Brokers in Toronto may have cause for optimism as one new study suggests the city’s condo housing boom is making up for a shortage, rather than creating a surplus.
“CMHC forecasts that the vacancy rate for Toronto CMA will be 1.5 per cent in 2013 and 1.7 per cent in 2014, similar to the rate of 1.7 per cent for October 2012,” Will Dunning, chief economist for CAAMP said in his most recent study, sponsored by Royal LePage. “I would argue that the expectation of continued tightness in the vacancy rate is a further indication that supplies of new condominiums are filling a shortage from the past, rather than creating a surplus.”
And to rectify this, Dunning argues, the Toronto area requires a number of condo units in excess of the current demographic needs.
“Two datasets (on periods of construction of condominiums and vacancy rates) suggest (but do not prove) that there has been some under-production of condominiums during the past two decades,” Dunning said. “So, we can see an important underlying cause for the expansion of condominium construction during the past few years: the evolving vacancy rate data indicates that the Toronto area is experiencing a worsening housing shortage; a period of production in excess of the demographic requirements is needed in order to restore balance between the supply and demand of housing.”
There are several factors that are currently influencing condo starts in Toronto, including job creation and historically low interest rates.
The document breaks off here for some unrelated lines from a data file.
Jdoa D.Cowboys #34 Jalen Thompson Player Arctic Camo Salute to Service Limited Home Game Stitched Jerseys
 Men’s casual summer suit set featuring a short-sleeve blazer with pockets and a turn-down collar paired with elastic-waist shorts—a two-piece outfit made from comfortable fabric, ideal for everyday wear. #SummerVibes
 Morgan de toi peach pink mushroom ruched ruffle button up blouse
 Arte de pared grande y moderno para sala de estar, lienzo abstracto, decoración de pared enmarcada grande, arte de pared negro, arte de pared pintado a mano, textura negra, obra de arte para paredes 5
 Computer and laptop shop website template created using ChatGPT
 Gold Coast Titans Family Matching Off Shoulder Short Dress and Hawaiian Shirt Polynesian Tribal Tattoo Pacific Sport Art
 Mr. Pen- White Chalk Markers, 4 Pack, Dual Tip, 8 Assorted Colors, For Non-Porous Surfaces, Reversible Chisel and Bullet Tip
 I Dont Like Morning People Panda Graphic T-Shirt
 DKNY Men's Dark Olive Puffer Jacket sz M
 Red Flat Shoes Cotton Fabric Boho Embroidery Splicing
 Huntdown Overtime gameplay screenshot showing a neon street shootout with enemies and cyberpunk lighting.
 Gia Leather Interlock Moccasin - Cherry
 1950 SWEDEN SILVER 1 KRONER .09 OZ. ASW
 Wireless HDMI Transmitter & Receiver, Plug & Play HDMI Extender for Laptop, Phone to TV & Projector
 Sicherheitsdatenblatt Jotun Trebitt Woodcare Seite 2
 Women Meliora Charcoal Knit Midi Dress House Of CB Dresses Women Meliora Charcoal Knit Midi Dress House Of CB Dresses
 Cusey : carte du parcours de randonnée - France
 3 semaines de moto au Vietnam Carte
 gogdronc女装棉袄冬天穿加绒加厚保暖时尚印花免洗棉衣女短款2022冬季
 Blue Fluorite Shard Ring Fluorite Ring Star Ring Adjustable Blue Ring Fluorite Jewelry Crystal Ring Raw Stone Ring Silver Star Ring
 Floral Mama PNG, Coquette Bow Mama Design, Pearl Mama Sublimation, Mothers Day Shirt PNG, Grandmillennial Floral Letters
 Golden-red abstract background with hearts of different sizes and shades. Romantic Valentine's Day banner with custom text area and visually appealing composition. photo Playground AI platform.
And while Dunning believes Toronto’s housing market could support a glut of new condominium buildings, he believes starts will slow in the near future.
“Looking forward, we can expect that condominium activity will slow. In part, this will be due to the rise in mortgage interest rates that occurred during the late spring,” he said. “Condominium activity will also be influenced by the policy change that was made by the federal government, during the summer of 2012, which eliminated mortgage insurance for mortgages that have amortization periods longer than 25 years.”
If his analysis proves to be correct – and there will surely be those who disagree – the nation’s number one housing market may be healthier than previously thought.